Rovenstine, who added a few stories to his responses, noted there are still uncertainties on the jail population with the new change in criminal sentencings, availability of alternative sentencings and new drug court. He pointed out the county was the first to be proactive in the meth problem, which made the county among the top in the state. Education of the public, an aggressive drug unit and higher bonds would help curb the problem. He noted good cooperation between police and the public can strengthen a partnership.
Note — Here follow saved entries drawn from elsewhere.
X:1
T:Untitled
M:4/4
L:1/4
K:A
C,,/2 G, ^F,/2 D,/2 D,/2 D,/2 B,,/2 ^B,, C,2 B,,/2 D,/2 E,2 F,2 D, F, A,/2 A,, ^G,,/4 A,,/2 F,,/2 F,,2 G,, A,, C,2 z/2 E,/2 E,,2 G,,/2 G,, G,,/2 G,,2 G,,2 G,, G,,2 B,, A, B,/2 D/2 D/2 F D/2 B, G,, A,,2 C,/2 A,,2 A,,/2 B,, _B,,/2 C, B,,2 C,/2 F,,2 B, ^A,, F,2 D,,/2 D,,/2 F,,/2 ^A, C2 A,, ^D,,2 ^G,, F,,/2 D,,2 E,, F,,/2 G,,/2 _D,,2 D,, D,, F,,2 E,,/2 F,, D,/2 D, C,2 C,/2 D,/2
Rovenstine noted the challenges he sees are infrastructure issues, having 1980 technology and repairing it with band-aids and mental health issues of inmates.
Candidates for county commissioner Robert Conley, Republican and Gale Owens, Democrat and county council Dan Damron, Democrat and Jon Garber, Republican, respectively answered questions relating to areas within these offices. Among the questions were replacement of lost revenue from the elimination of the business personal property tax, concern over the economic future and strength of the local economy, Kernan-Shepherd Report of eliminating county commissioners, county council, township offices and restructuring county government; and funding of the highway department for the future.
Conley noted providing a more attractive county for recreation and work is what brings people to the county and an attractive tax rate can help with with lost revenue. Regarding highway funds, Conley referred to the surtax and wheel tax which will not only provide funds for the county but towns as well and next summer road improvements should be noticeable.
Owens noted the county needs to look outside of the orthopedic workforce with the county’s best asset being the middle class. Owen pointed out Silver Lake was able to pave all its roads without raising taxes and noted the county needs to watch what it is doing instead of making a burden on everyone.
Damron noted he will keep fighting the medical device to keep jobs in the county. He also noted he was against the wheel tax and there are other ways to come up with the funds.
Garber noted the county needs to be diversified in its industry and employment. He noted the implementation of the surtax and wheel tax would get the roads up to snuff and the tools are available.
All four candidates are against the Kernan-Shepherd report and in favor of keeping local people overseeing local government.